Every small business owner knows that cash flow is crucial for the growth of a company. One method of financing that you may have heard about is a merchant cash advance, or MCA. On the surface, it sounds like it might be similar to invoice factoring – but is it? The following are 4 of the biggest differences between the two.
- Invoice factoring is less risky than an MCA. In terms of risk, there’s a big difference between invoice factoring and MCAs. Factoring advances money based on an existing invoice, whereas MCAs give you money based on an estimate of future sales. If your sales fall short, you’ll still need to repay the money. Plus, MCAs typically require access to your bank accounts so they can take out the funds automatically. If you’re already experiencing cash flow issues, this can make it worse.
- MCAs are more expensive than factoring. Factoring companies like American Funding Solutions charge a small fee based on a percentage of each invoice factored as laid out in your contract. If an invoice remains unpaid past the initial payment term between you and your client, you may be charged back the advanced amount. MCA fees can be significantly higher than factoring fees – typically between 20% and 50% of the amount borrowed. Even if your sales match the predictions, you’ll still end up paying back significantly more than your initial advance.
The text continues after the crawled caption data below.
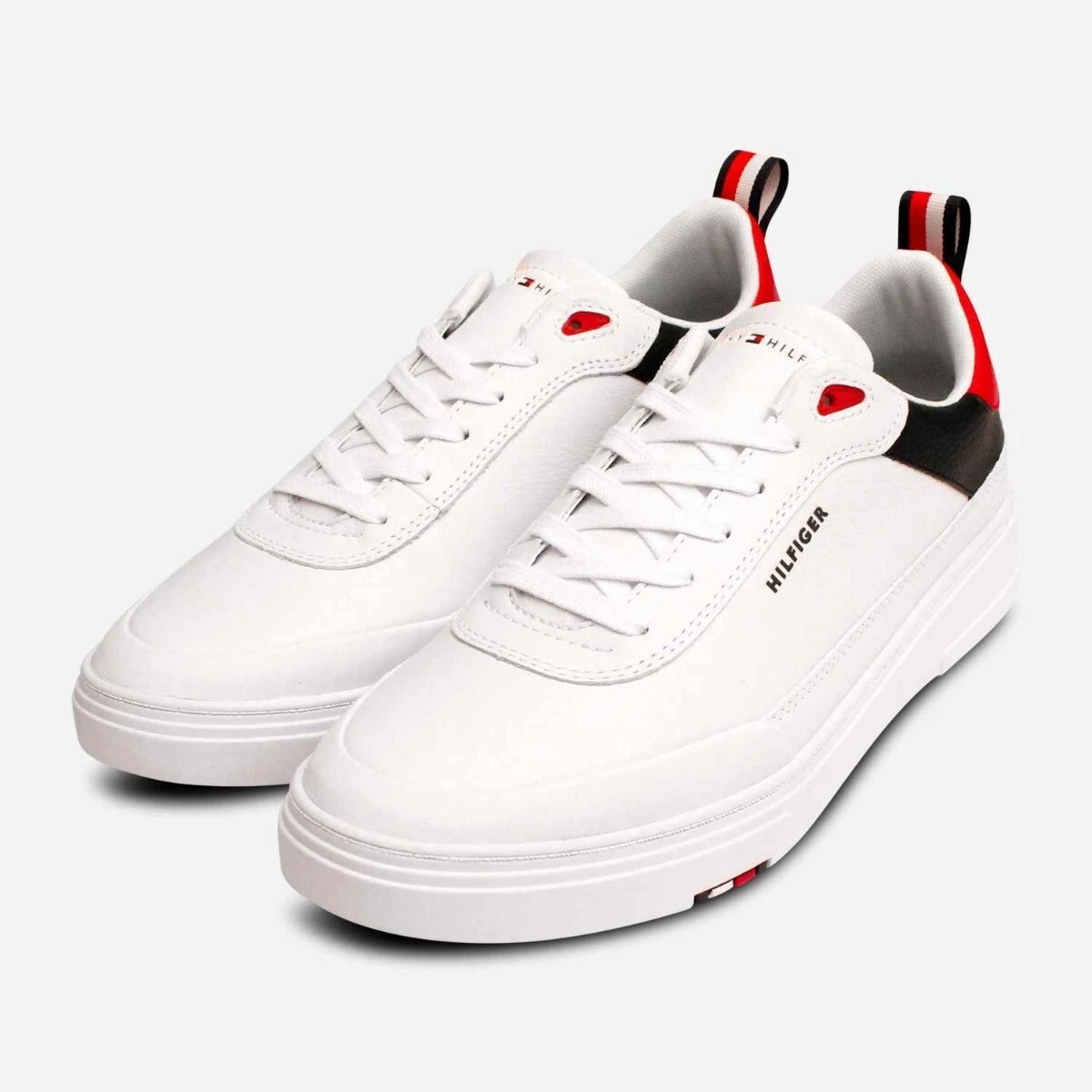 Tommy Hilfiger Premium White Leather Shoes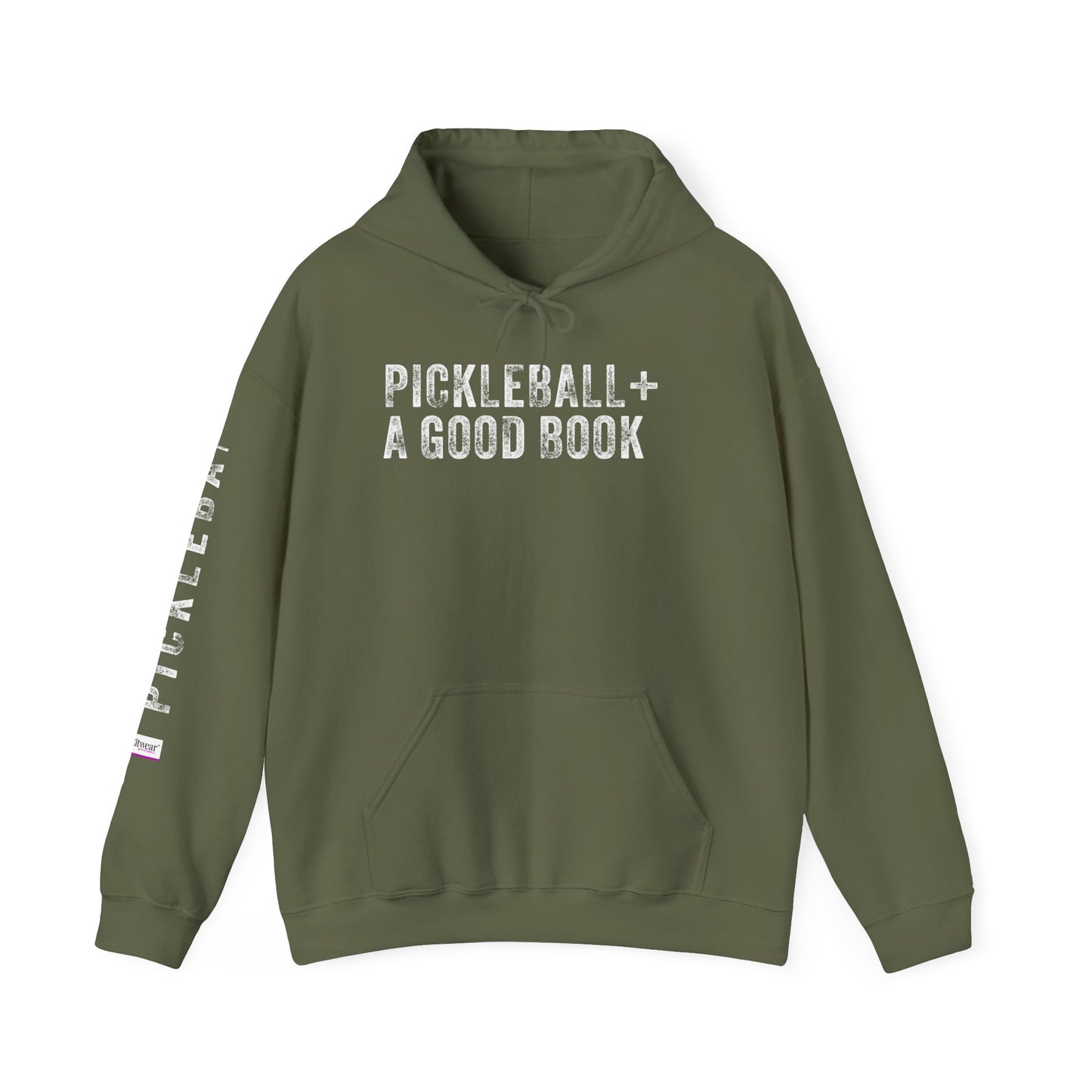 PICKLEBALL + GOOD BOOK, Unisex Heavy Blend™ Hooded Sweatshirt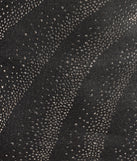 Flaunt your silhouette in the tight Mari Embellished Shine Bodycon Mini Dress in black, a bodycon dress that empowers your look with bold style and effortless edge.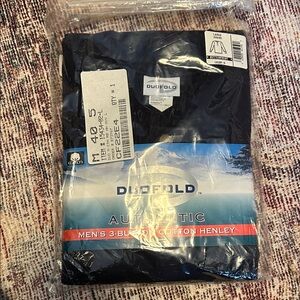 Duofold Men's Long Sleeve Henley Shirt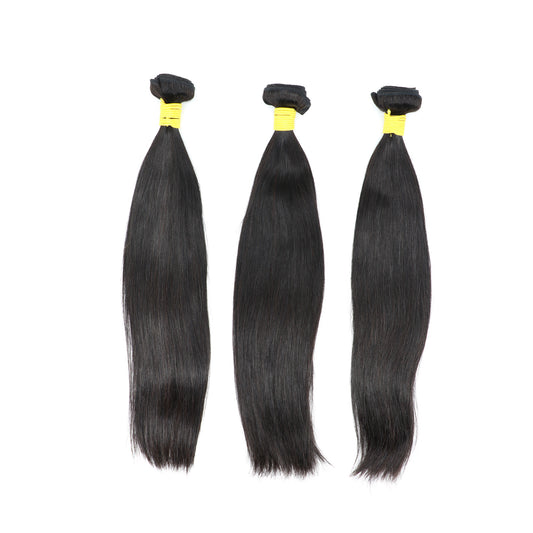 Top Burmese Virgin Hair Straight Bundle #1B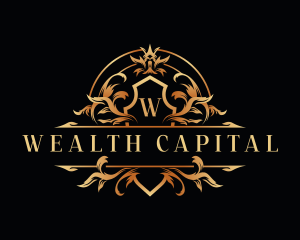 Royalty Crest Wealth logo design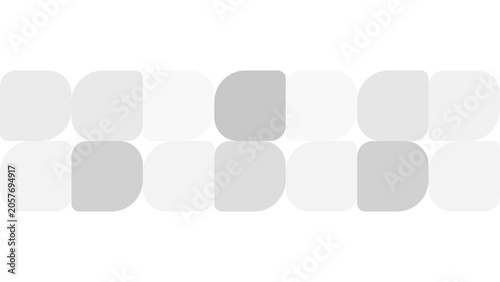 Clean abstract background featuring rounded square tiles in soft gray and white tones. Ideal for branding, presentations, websites, packaging, and modern design projects.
- Invoice factoring maximizes cash flow and MCA’s do not. Invoice factoring is meant to help small business owners maximize their cash flow. That’s because it advances money against invoices that have already been fulfilled. When you factor an invoice, you get money immediately – often the same day – which you can then use to buy materials, invest in your company or make payroll. MCAs are speculative. They provide you with a lump sum, but if you use that money to pay off existing debts, you may find yourself caught in a vicious cycle of requiring another cash advance to pay off the first with the meter running on the second.
- Invoice factoring includes back office services, MCAs don’t. Factoring companies typically provide services that include billing and invoice collection. Experienced factoring account managers work as an extension of your team and on your behalf.